Petitions for 'MJP' and pro bono rules amendments filed: The Tennessee Bar Association filed two petitions with the state Supreme Court June 27 " one that will clarify Tennessee practice rules by lawyers licensed in other jurisdictions and one that will facilitate and measure pro bono service.

"These ethics proposals, unanimously approved by our Board of Governors, will help create a stronger culture of volunteerism in our profession," TBA President Buck Lewis said "They will make it easier for lawyers to establish a proud legacy of pro bono service and give us the tools to measure the enormous contribution which lawyers make to their communities."

The MJP petition follows closely the American Bar Association model rule that permits casual and occasional practice by lawyers who are in the state. For the first time in-house corporate counsel, working only for their employer, could practice here if they registered and paid the same fees as a Tennessee lawyer.

Download the petitions from

New law, court rule will guide actions following disasters: On July 1 the Tennessee Supreme Court adopted rules changes which, when taken with the recently enacted Public Chapter 725, outline the process the courts will use to address the extension of deadlines and statute of limitations when disasters occur. Under the amendment to Supreme Court Rule 49, the chief justice may extend filing and other deadlines when a major disaster incapacitates a court or courthouse. The order may also designate alternative filing methods.

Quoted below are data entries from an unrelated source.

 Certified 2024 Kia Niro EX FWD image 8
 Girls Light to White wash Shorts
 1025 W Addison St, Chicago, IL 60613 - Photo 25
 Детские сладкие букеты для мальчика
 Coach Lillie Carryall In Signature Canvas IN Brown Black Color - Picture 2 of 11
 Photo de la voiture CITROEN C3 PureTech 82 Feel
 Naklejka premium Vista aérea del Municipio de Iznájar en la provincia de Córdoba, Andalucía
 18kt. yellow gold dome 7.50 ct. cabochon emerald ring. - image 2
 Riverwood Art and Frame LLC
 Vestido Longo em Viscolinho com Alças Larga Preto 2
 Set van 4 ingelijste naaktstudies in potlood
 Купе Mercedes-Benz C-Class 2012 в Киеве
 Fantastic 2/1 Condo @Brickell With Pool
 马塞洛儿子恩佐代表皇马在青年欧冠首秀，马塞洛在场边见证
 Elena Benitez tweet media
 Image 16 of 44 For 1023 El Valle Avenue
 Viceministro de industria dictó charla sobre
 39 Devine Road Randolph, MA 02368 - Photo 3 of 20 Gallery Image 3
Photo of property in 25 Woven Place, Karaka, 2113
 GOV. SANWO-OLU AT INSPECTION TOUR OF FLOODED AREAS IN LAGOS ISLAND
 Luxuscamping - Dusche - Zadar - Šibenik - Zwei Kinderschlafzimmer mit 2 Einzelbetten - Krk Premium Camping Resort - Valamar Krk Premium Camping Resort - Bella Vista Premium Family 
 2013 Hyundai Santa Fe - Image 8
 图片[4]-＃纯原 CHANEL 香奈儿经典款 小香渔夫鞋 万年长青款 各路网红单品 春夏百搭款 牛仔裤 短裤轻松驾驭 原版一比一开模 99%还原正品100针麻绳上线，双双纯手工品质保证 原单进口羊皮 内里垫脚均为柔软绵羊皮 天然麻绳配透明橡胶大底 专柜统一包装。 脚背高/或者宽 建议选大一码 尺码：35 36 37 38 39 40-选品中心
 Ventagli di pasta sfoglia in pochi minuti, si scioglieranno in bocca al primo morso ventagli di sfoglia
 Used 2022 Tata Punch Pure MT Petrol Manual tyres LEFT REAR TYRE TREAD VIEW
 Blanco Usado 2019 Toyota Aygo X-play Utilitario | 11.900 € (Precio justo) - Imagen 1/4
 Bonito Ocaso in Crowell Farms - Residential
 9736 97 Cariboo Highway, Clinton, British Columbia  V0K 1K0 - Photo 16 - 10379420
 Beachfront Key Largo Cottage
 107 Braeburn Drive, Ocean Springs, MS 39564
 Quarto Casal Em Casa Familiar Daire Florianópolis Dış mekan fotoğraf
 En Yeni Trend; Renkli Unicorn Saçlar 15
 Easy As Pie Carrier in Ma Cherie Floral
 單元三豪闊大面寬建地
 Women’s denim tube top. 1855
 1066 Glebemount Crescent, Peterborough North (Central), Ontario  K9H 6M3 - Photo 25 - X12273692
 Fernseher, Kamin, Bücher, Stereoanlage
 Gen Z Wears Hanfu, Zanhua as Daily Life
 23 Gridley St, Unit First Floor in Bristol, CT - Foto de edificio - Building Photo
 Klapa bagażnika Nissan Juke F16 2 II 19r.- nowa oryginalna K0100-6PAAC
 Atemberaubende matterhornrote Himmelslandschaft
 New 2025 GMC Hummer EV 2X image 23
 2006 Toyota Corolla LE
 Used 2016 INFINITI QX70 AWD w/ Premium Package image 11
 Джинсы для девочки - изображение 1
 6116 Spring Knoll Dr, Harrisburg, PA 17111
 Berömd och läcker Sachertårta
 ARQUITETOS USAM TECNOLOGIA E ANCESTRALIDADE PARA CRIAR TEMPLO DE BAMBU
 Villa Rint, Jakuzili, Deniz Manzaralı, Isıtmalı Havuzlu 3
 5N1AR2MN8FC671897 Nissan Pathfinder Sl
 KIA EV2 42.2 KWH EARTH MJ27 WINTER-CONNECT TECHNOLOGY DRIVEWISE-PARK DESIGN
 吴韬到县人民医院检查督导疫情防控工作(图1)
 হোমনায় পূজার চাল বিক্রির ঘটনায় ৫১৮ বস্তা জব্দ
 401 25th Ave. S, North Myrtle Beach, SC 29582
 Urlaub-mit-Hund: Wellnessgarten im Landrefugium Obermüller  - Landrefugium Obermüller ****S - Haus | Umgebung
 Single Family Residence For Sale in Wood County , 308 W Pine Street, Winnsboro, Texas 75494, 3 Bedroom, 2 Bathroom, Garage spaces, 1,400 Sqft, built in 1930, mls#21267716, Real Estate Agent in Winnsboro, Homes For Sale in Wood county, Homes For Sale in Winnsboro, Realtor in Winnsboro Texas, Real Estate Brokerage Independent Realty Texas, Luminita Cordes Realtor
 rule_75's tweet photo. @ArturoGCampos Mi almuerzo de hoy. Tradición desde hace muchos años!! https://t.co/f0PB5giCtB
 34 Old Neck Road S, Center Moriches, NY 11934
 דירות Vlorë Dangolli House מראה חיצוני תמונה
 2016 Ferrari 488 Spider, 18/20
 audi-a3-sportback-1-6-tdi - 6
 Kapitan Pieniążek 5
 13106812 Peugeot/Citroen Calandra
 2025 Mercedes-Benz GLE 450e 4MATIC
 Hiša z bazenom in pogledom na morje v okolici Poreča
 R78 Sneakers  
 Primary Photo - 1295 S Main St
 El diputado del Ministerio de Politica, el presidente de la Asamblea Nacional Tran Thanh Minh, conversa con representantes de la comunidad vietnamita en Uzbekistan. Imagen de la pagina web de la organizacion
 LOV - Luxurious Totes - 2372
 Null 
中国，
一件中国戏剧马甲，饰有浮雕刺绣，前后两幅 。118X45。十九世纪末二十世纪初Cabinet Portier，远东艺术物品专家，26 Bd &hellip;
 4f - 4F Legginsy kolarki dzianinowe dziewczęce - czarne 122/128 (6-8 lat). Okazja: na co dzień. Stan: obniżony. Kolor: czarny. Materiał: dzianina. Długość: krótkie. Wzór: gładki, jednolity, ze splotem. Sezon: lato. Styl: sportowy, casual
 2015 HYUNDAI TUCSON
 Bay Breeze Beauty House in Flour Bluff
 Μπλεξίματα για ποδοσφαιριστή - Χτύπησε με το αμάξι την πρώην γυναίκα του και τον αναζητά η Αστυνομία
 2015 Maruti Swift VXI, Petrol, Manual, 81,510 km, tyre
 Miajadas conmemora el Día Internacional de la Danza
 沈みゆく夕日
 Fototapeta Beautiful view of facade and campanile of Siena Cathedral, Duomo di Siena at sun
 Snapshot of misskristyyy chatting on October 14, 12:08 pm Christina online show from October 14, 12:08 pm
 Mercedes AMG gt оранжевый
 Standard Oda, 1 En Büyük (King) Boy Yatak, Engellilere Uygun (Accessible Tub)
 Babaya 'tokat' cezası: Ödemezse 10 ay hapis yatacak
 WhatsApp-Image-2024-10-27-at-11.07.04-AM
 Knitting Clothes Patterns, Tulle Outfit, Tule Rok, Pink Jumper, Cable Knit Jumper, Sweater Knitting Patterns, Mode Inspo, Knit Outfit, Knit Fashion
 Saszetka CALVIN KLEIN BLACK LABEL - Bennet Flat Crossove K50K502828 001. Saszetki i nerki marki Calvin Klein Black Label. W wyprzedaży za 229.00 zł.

The TBA-proposed legislation that won approval this year and has been enacted as Public Chapter 725 provides that the extension of deadlines under any court rule would also have the effect of extending the statute of limitations. Both of these recommendations resulted from the Emergency Preparedness Task Force appointed by the TBA in the wake of hurricanes Katrina and Rita.

See the order and new text of Rule 49 at

More law schools, but not more jobs: Universities continue to build law schools, even though job prospects are not as good as they used to be. A recent Associated Press story reports that the number of students enrolled in law school is at an all-time high, even as jobs can be difficult to find. Said Makau Mutua, interim dean of the University at Buffalo Law School, "There's no question that we simply have a glut of law schools."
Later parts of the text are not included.